Forfait-jours : sans autonomie réelle, la convention est inopposable

Cass. soc., 3 juin 2026, n° 25-11.673

Le forfait jours demeure un terrain contentieux majeur en droit du travail, où les chausse-trappes sont nombreuses pour les employeurs.

Nouvelle illustration avec la condition d'autonomie du salarié.

Pour rappel :

  • L'article L. 3121-58 du Code du travail prévoit que les salariés non-cadres dont dont la durée du temps de travail ne peut être prédéterminée et qui disposent d'une réelle autonomie dans l'organisation de leur emploi du temps peuvent relever du forfait-jours.

  • Cette condition est reprise par la Convention collective Syntec (article 4.1 de l'accord du 22 juin 1999).

L'affaire concernait un consultant formateur itinérant ETAM soumis à un forfait annuel de 218 jours suivant un accord d'entreprise reprenant les dispositions de la Convention collective Syntec.

Il contestait être réellement autonome, en soutenant notamment que :

  • Les formations qu'il devait dispenser étaient planifiées par d'autres salariés et les différents responsables hiérarchiques ;

  • il ne pouvait planifier les formations sur le calendrier dédié ;

  • il devait permettre l'accès à son calendrier informatique à son supérieur hiérarchique afin qu'il puisse planifier les formations.

La cour d'appel, dont la décision est confirmée par la Cour de cassation, accueille ces arguments - le salarié ne disposait d'aucune liberté dans l'organisation de son travail :

  • Son emploi du temps était effectivement déterminé notamment pas les équipes commerciales de l'entreprise qui définissaient avec les clients les planning de ses interventions auprès de ceux-ci.

  • l'employeur ne produisait pas de pièce démontrant le salarié avait quelque liberté que ce fût dans le prise de décision quant aux dates et au contenu de ses interventions auprès des clients.

A noter : le contrat de travail stipulait que : « Compte tenu de la grande autonomie dont dispose le salarié dans l'organisation de son emploi du temps (...), le temps de travail du salarié s'inscrit dans le cadre d'un forfait annuel en jours. »

Cette clause n'a pas convaincu les juges : l'autonomie ne se décrète donc pas dans le contrat, elle doit se traduire dans les conditions d'exercice concrètes des missions.

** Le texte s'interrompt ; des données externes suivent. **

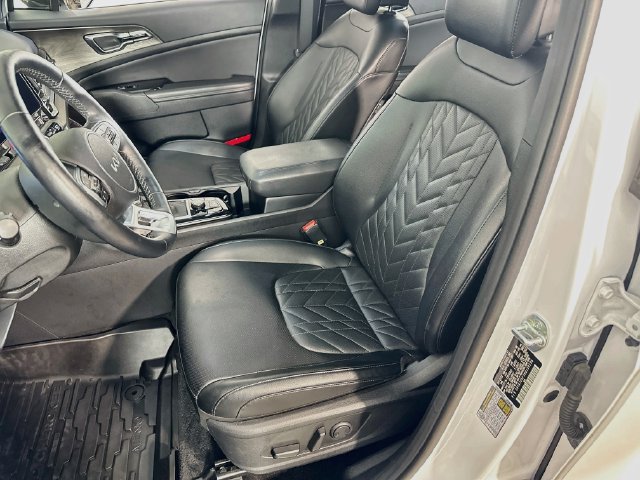 Used 2024 Kia Sportage X-Pro AWD/4WD image 16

La convention de forfait jours a également été jugée inopposable en raison d'un autre manquement très courant : l'absence de « suivi effectif du temps de travail [du salarié], lui permettant de s'assurer du respect de la durée raisonnable de son temps de travail ainsi que des repos, journaliers et hebdomadaires. »

Le salarié relevait donc du droit commun de la durée du travail, soit 35 heures hebdomadaires, ce qui a conduit la cour d'appel à condamner l'employeur au paiement, notamment, de 40 000 € au titre des heures supplémentaires, ainsi que de 22 485 € au titre du dépassement du contingent annuel d'heures supplémentaires.